START Dataset records

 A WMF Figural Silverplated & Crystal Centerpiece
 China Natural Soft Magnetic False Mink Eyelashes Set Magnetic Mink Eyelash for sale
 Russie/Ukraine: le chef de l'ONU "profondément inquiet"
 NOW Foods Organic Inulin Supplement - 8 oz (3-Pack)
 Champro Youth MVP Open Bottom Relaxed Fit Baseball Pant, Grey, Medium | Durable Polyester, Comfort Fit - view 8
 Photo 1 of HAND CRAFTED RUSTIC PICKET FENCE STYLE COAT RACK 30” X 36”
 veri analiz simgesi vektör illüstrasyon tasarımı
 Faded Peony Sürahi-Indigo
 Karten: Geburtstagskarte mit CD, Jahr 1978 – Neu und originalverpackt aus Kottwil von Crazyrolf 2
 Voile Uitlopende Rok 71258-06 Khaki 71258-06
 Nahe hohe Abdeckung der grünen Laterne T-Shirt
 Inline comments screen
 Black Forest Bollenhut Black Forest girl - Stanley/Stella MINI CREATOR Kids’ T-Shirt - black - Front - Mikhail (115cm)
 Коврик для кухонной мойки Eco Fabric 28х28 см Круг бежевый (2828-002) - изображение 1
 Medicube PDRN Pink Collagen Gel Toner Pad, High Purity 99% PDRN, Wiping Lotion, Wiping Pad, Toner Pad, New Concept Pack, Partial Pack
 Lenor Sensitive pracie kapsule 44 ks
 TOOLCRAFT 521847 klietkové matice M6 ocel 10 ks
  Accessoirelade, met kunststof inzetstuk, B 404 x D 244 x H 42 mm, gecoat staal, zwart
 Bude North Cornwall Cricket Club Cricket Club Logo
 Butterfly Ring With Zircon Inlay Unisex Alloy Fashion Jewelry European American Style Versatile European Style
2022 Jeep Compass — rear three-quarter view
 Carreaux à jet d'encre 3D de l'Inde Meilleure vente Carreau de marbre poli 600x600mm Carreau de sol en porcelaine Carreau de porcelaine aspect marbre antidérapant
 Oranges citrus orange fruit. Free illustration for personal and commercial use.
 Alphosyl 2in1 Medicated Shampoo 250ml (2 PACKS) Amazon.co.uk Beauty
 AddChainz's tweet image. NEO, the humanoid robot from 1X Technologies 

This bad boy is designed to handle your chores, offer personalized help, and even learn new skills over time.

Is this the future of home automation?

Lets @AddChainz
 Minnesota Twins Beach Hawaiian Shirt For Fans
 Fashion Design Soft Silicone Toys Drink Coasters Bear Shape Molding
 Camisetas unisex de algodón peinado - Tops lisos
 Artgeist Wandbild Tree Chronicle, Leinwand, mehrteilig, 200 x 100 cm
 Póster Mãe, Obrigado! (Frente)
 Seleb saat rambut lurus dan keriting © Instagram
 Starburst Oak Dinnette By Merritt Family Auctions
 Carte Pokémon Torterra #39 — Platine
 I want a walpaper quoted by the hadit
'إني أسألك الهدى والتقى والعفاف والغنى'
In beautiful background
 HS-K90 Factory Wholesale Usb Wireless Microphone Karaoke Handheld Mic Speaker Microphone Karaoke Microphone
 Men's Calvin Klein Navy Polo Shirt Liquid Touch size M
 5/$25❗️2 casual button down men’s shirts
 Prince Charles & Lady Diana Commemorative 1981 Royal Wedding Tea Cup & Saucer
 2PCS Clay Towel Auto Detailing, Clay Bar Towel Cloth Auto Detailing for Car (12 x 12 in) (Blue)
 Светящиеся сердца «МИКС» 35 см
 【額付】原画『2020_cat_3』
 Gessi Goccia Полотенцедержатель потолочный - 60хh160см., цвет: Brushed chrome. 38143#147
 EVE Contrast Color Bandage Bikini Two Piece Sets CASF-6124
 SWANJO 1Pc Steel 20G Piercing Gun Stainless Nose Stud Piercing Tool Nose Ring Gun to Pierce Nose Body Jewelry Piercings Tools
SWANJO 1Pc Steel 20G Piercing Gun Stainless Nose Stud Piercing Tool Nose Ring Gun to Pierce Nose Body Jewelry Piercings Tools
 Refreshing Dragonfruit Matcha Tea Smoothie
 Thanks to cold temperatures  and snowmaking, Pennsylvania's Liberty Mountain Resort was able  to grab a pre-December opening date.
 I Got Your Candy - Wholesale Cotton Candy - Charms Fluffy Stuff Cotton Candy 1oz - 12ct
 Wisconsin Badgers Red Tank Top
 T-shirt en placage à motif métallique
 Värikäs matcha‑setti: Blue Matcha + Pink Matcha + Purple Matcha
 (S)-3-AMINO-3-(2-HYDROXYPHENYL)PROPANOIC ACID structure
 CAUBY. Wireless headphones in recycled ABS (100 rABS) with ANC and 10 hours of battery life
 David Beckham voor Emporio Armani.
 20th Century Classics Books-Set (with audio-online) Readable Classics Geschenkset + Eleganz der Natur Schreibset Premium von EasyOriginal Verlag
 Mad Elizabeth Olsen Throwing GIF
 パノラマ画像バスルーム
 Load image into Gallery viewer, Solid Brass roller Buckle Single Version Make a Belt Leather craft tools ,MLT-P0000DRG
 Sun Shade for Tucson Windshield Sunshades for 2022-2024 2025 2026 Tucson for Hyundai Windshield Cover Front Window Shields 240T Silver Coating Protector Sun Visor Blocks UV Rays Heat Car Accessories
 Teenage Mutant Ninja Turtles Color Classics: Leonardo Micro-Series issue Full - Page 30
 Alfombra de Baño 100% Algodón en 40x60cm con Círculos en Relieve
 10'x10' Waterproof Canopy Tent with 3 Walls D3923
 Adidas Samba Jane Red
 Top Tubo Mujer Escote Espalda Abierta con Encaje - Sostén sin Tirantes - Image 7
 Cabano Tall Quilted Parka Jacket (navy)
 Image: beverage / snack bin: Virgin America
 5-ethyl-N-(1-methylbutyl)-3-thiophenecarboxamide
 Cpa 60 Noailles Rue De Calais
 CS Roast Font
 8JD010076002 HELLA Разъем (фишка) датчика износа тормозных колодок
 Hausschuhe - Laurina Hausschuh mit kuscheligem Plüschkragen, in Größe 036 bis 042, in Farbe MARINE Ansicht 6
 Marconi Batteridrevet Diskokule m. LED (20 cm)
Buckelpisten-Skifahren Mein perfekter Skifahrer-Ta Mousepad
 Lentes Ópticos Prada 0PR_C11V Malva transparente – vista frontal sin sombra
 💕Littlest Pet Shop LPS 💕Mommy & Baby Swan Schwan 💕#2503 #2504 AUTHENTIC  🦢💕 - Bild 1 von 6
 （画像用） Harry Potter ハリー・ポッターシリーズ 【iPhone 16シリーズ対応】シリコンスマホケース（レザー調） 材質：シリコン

END Dataset records

Both end lines included, restate word for word the lines above from the line with "Sun Shade for" to the line with "5-ethyl-N-(1-methylbutyl)-3-thiophenecarboxamide", and nothing else.

__Your solution__
 Sun Shade for Tucson Windshield Sunshades for 2022-2024 2025 2026 Tucson for Hyundai Windshield Cover Front Window Shields 240T Silver Coating Protector Sun Visor Blocks UV Rays Heat Car Accessories
 Teenage Mutant Ninja Turtles Color Classics: Leonardo Micro-Series issue Full - Page 30
 Alfombra de Baño 100% Algodón en 40x60cm con Círculos en Relieve
 10'x10' Waterproof Canopy Tent with 3 Walls D3923
 Adidas Samba Jane Red
 Top Tubo Mujer Escote Espalda Abierta con Encaje - Sostén sin Tirantes - Image 7
 Cabano Tall Quilted Parka Jacket (navy)
 Image: beverage / snack bin: Virgin America
 5-ethyl-N-(1-methylbutyl)-3-thiophenecarboxamide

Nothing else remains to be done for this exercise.